Create views with the old table names which use row-level security to query the tables in the consolidated DB, but using the SiteID to filter.
Set up the databases for cross-database ownership chaining so that the service accounts can't "accidentally" query the base tables in the consolidated DB. Access must happen through the views or through stored procedures and other constructs that will enforce row-level security. Now, if it's the same service account for all sites, you can avoid the cross DB ownership chaining and assign the rights on the objects in the consolidated DB.
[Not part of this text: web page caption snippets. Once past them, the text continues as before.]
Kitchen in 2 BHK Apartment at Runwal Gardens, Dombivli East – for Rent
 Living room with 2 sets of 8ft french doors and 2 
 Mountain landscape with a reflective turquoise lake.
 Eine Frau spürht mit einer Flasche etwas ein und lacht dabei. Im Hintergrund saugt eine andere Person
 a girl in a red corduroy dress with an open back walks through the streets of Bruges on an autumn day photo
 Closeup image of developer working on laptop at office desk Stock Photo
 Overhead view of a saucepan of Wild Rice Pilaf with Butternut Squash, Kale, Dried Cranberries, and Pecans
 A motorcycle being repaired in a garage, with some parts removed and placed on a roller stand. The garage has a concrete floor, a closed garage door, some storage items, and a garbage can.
Rewrite the stored procedures to either handle the change (since they are now referring to views and they don't know to hit the base tables and include SiteID) or use InsteadOf Triggers on the views to intercept update requests and put the appropriate site specific information into the base tables.
If the data is large you could look at using a partioned view. This would simplify your access code as all you'd have to maintain is the view; however, if the data is not large, just add a column to identify the customer.
Depending on what the data is and your security requirements the threat of cross contamination may be a show stopper.
Assuming you have considered this and deem it "safe enough". You may need/want to create VIEWS or impose some other access control to prevent customers from seeing each-other's data.
IIRC a product called "Trusted Oracle" had the ability to partition data based on such a key (about the time Oracle 7 or 8 was out). The idea was that any given query would automagically have "and sourceKey = #userSecurityKey" (or some such) appended. The feature may have been rolled into later versions of the popular commercial product.
To expand on Gregory's answer, you can also make a parent ssis that calls the package doing the actual moving within a foreach loop container.
The parent package queries a config table and puts this in an object variable. The foreach loop then uses this recordset to pass variables to the package, such as your database name and any other details the package might need.
You table could list all of your client databases and have a flag to mark when you are ready to move them. This way you are not sitting around running the ssis package on 32,767 databases. I'm hooked on the foreach loop in ssis.